SOURCE MATERIAL >>
-- Opening Marker --

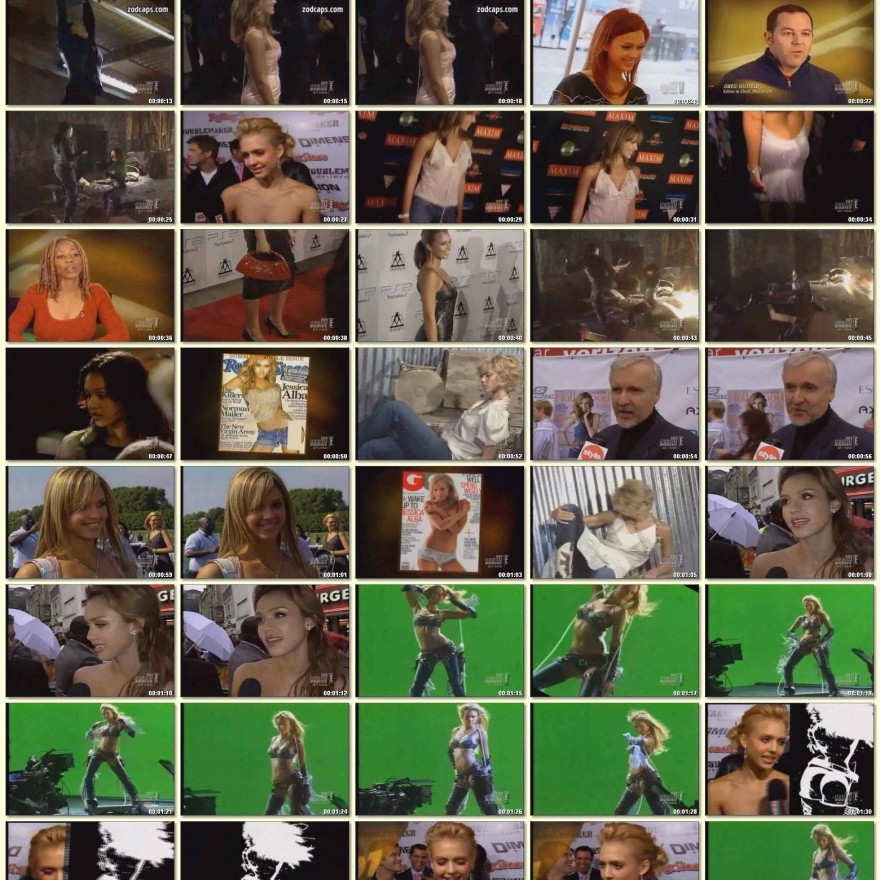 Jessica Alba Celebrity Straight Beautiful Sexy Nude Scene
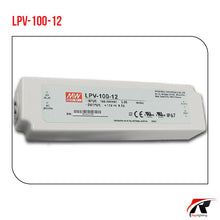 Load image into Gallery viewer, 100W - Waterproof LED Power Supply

-- Closing Marker --
-- Opening Marker --

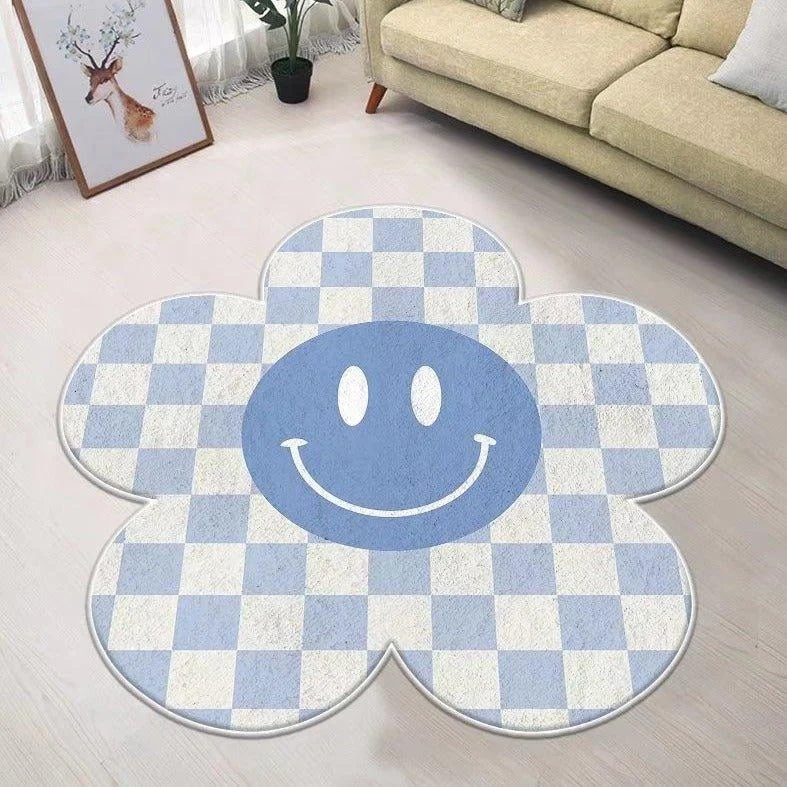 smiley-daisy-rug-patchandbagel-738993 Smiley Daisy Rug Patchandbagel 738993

-- Closing Marker --

Within the entries above, the lines from the one containing "Jessica Alba Celebrity" through the one containing "Load image into" are to be transcribed exactly, ends included, pictures excluded.

 Jessica Alba Celebrity Straight Beautiful Sexy Nude Scene
 Load image into Gallery viewer, 100W - Waterproof LED Power Supply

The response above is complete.